Slightly fuzzy picture of my WIP BSB and Mounted Mage, not too clear but gives you an idea of the direction im taking them in. 
Love to hea your thoughts on all soon!


----------



## Charandris (Nov 27, 2012)

*Free Hand DP banner, New Design!*

Didnt like the green Wyrm banner design i had on the DPs, so iv gone for this instead. One the reverse of the flag ill be painting the winged gem.


----------



## Charandris (Nov 27, 2012)

*What do you want to see?*

In an effort to generate a little more interest here, what would you like to see me paint next? Im extremely bored of painting up ranked units and fancy a change. 

A- Dragon
B- IoB Griffon (Bald Eagle)
C- IoB Mage
D- IoB Reavers

Also, any suggestions for a design for the dragon prnces banner would be very much appreciated! I a not at all happy with the ones iv done so far, i want to keep the orange border and black background and use a white emblem. 

Comment what you'd like to see! Would love to hear your thoughts


----------



## Hellados (Sep 16, 2009)

dragon! 

sorry I haven't replied, I absolutely love them, till you've tried painting them you don't know how hard it is to get them looking this good


----------



## Charandris (Nov 27, 2012)

Haha no need for apologies!!  Thankyou, yeah its taken a lot of repainting till iv been happy with these guys!! Think ill get started on the Dragon then. Looks like hes gunna be blue then...


----------



## Charandris (Nov 27, 2012)

*You asked for it, DRAGON! and tiger griffon...*

Decided to get cracking on some beasties, have gone with blue for the dagon (whch was infact the colour i liked the idea of the least :L not sure how to do this) and my second 'eagle'. Very early WIPs still, but its a taster of whats to come. 
Also, please dont be alarmed by the shiny sheeniness of the dragon atm, its just wet paint. Its not going to be glossy!


----------



## artofresin (Jan 15, 2013)

The freehand on that banner is nice.


----------



## Turnip86 (Oct 7, 2011)

I like the tiger stripes theeeeeeeeeey're great! (sorry, couldn't help myself  )

Overall liking the look of the army too and looking forward to seeing more done.


----------



## Charandris (Nov 27, 2012)

Artofresin, Thankyou very much! I think i might keep the banner design, cant think of anything else and it took a while.

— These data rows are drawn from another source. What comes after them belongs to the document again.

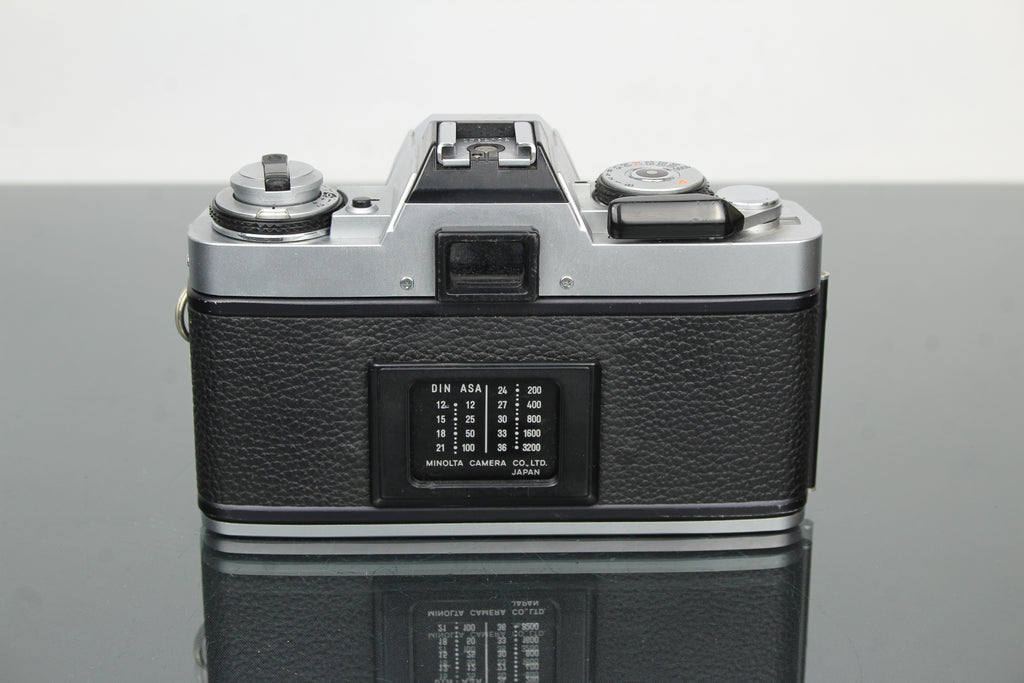 Minolta XG-M + 45mm 1:2 Minolta MD Rokkor Objektiv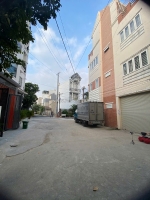 Nhà mặt tiền đường hơi thụt quận 12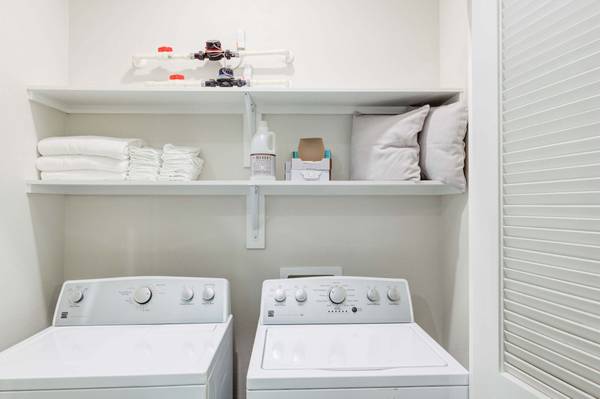 $1,950 / 2br - 991ft2 - Only the best! Brand new community in Dallas! 2 bed / 2 bath! (Dallas - Galleria)63796476879489124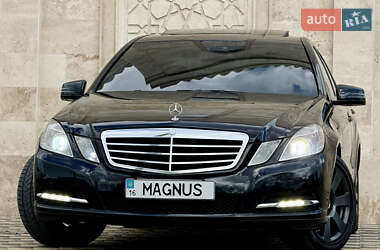 Седан Mercedes-Benz E-Class 2009 в 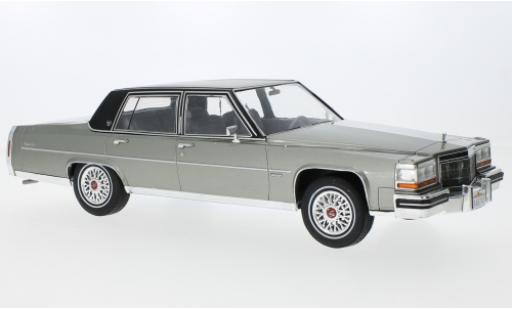 Cadillac Fleetwood 1/18 MCG Brougham metallise grau 1982 coche miniatura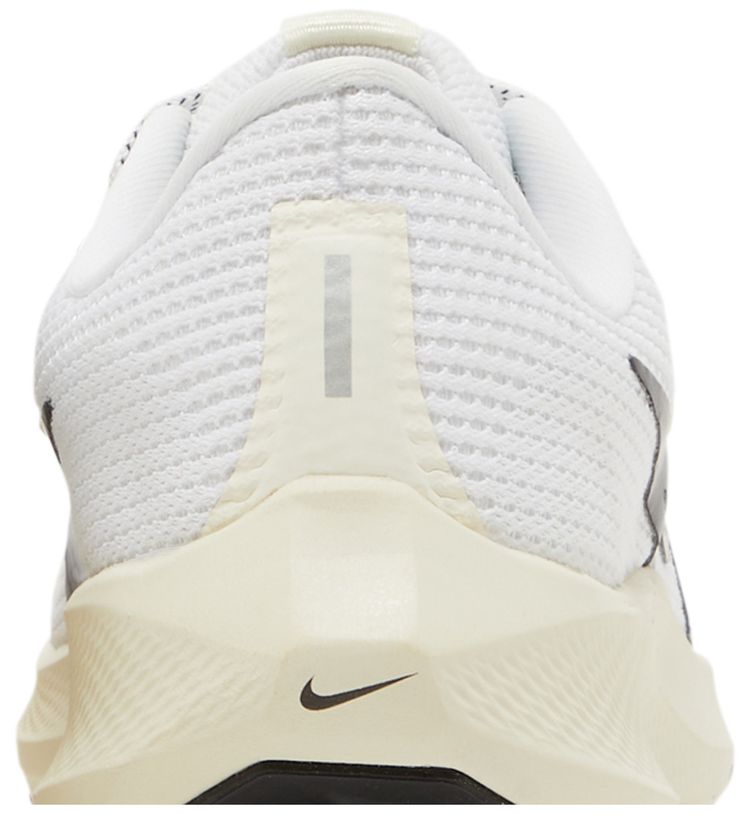 Nike Wmns Air Zoom Pegasus 40 White Coconut Milk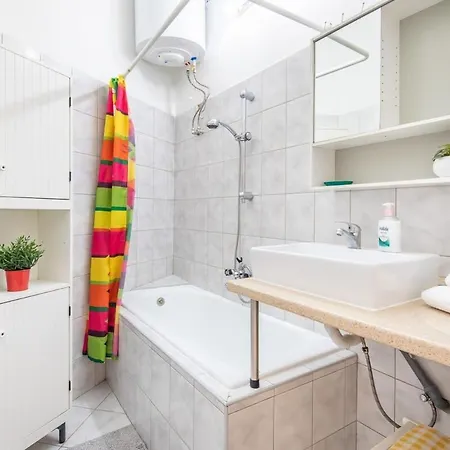 Apartman - Comfy With Ac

Turnip, hahaa oh god... :L Ok he's now always going to be Tony from now on. Glad you like him! Should have given him a greenstuffed neckachief! 

Thanks for your comments again


----------



## Charandris (Nov 27, 2012)

*Dragon + Tony WIP's*

Just further stages of the big blue dragon and Tony.


----------



## Grins1878 (May 10, 2010)

I have a High Elf Army myself that I've only painted ten men of, and it pains me to think they won't look this good! 

Really like the colours and style of your painting mate! 

+repatitis


----------



## Charandris (Nov 27, 2012)

Oh whats in your collection? Im always interested to hear about what other fantasy players (especially HE players) have! Would be great to see how you paint your elves aswell  Thankyou very much!


----------



## Grins1878 (May 10, 2010)

My ten Sword masters so far:

http://www.heresy-online.net/forums/showthread.php?t=98810&page=3 very last post on that page. 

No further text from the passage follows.